4. Enclosing a picture of your own kids in the holiday card.
They've lost their child, but they're still going to enjoy pictures of your cute kids, right? Probably not -- at least for a while and quite possibly for years. They might love your children, but now is not the time to flaunt their photographs. Skip the pictures and share a memory of their late child instead. If you can't do that, adding three words to your holiday greeting, "Thinking of [late child's name]" will be deeply appreciated.
5. Telling the bereaved parents to contact you if there's anything they need.
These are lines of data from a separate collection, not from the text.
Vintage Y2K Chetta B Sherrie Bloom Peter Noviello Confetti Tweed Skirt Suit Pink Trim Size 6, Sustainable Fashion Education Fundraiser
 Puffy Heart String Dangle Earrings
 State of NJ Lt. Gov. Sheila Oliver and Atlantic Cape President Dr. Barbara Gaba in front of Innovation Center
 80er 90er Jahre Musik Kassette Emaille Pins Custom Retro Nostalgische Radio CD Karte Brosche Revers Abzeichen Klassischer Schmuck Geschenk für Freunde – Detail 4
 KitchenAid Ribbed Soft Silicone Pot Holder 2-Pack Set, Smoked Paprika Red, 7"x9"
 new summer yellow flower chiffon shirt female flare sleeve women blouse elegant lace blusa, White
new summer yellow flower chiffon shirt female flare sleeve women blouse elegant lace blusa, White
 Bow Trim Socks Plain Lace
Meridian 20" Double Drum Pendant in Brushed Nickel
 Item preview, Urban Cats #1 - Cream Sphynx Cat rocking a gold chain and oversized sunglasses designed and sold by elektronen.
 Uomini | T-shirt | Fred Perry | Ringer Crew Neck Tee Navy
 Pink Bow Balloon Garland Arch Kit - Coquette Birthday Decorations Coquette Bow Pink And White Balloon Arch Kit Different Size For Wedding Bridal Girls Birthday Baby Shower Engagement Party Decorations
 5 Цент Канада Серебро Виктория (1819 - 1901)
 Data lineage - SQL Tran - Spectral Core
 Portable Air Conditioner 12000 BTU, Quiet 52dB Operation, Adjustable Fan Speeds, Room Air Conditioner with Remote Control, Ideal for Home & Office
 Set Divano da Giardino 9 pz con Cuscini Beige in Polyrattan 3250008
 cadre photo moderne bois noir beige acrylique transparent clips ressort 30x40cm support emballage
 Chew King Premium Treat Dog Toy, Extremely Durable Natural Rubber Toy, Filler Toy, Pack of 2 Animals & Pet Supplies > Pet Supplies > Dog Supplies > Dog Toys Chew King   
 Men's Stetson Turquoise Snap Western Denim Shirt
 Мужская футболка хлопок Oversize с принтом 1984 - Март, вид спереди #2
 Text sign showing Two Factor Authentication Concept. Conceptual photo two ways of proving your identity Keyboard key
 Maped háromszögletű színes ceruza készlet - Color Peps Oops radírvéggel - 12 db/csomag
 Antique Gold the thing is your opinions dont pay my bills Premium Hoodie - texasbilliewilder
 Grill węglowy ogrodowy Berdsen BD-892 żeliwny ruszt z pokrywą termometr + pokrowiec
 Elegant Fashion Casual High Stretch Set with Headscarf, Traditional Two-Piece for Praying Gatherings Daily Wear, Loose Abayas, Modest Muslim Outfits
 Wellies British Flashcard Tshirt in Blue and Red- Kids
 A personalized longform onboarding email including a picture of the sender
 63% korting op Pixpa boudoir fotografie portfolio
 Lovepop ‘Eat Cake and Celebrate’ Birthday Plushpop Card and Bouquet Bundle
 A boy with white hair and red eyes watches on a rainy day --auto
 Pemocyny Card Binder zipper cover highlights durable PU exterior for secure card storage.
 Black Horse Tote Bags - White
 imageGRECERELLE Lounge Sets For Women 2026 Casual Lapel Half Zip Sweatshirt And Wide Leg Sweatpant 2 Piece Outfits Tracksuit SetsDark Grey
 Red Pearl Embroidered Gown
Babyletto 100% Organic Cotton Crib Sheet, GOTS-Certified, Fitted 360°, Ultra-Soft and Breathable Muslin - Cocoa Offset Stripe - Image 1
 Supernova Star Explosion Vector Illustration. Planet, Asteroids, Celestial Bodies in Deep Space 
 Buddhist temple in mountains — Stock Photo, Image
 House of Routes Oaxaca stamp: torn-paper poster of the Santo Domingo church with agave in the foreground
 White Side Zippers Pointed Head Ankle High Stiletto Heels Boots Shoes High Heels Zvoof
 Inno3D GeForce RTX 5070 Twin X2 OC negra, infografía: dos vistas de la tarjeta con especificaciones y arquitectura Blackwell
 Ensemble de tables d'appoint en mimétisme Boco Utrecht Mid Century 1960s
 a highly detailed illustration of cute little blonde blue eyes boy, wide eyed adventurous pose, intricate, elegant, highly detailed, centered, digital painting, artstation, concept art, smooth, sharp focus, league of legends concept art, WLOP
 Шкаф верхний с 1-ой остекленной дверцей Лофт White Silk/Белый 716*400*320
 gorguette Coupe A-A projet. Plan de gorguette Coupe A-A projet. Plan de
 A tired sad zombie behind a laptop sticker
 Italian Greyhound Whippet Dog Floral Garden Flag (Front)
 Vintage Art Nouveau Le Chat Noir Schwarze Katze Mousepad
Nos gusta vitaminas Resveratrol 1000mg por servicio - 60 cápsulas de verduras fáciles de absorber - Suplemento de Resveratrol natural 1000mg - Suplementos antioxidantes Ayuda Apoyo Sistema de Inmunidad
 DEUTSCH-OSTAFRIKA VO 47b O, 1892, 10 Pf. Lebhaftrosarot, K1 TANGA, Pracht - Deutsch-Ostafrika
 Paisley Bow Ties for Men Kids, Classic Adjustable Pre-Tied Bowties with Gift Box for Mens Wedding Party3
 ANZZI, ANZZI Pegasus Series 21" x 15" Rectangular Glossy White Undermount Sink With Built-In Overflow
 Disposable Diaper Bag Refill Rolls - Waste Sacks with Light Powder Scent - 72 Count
Bereaved parents really, really need their children back with them. In the absence of this, you can help with basic tasks that are usually overwhelming in the early days of grief: walking the dog, grocery shopping, mowing the lawn, arranging a fun activity for siblings. Don't put the onus on the bereaved to call you. Be the one to pick up the phone and suggest ways that might be helpful.
6. Fail to say the name of the child that died.
By mentioning their name you are not reminding parents that they had a child that died, you are validating their brief life. Say their name. Do it frequently. And especially on the child's birthday, the anniversary of their passing and whenever you are compelled to share your own children's milestones.
7. Outsourcing your job as a friend by constantly prompting them to see a therapist.
A therapist or psychiatrist may or may not be helpful to a bereaved parent. But a friend who can listen generously and non-judgmentally, recognising that there is no "fix" for this tragedy, will probably be greatly valued. If your support is limited to suggestions to get professional help, you're implicitly telling them that your friendship is contingent on them keeping their grief to themselves.